6355756-fake-stampContacts at BaFIN I met last week described negotiations being conducted within the European Parliament, which frankly mean far more work for regulatory compliance, than expected. EMIR II, i.e. a revised and extended version of the European Market Infrastructure Regulation, is already being formulated between the EU Commission under Patrick Pearson, and European Council and the European Parliament, with expert input from ESMA. At my meeting they said that Steven Maijoor, chairman of the European Securities and Markets Authority (ESMA) met with other regulators in The Hague after he delivered a speech as part of an EMIR conference. Among those participating in the discussions were Sharon Bowles, chairwoman of the influential European Parliament Committee on Economic and Monetary Affairs (ECON), Werner Langen, rapporteur of the original EMIR as well as Michel Barnier, European Commissioner for Internal Markets and Services. The discussion is said to have been initiated as frustration is growing about more and more delays as well as dilutions of the originally intended regulations. During these discussions a rough framework has been hammered out that should revise and extend a number of provisions currently being implemented across the globe. Ideas for EMIR II will include:

  • The exemption for non-financial counterparties will be dropped, they will not be handled differently from financial counterparties anymore – this would mean clearing would become mandatory for corporates
  • The 3 year exemption for pension funds will be terminated early, and instead they will also be included in mandatory clearing
  • Clearing of FX swaps and forwards will become mandatory – clearing houses will be coerced to offer this, along with a JV involving CLS Bank
  • A closer alignment with Dodd Frank is envisaged to ensure clear guidance on extraterritoriality and to guarantee substituted compliance.

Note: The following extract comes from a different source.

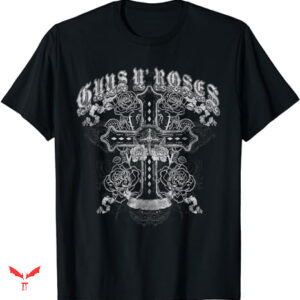 Guns N Roses Vintage T-shirt Vintage White Cross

  • EMIR 2 will be expected to apply to any non-European party trading into the EU geography, therefore including most of Asia, the US and Middle East in EMIR 2 compliance.
  • Direct trade reporting of all derivatives trades to ESMA instead of trade repositories as well as outsourcing of the analysis of the data to an offshore centre.

As yet it is unclear if these considerations will find their way into the trilogue process already before finalisation of the implementation of EMIR. It is expected that a first official statement will be issued within a few weeks.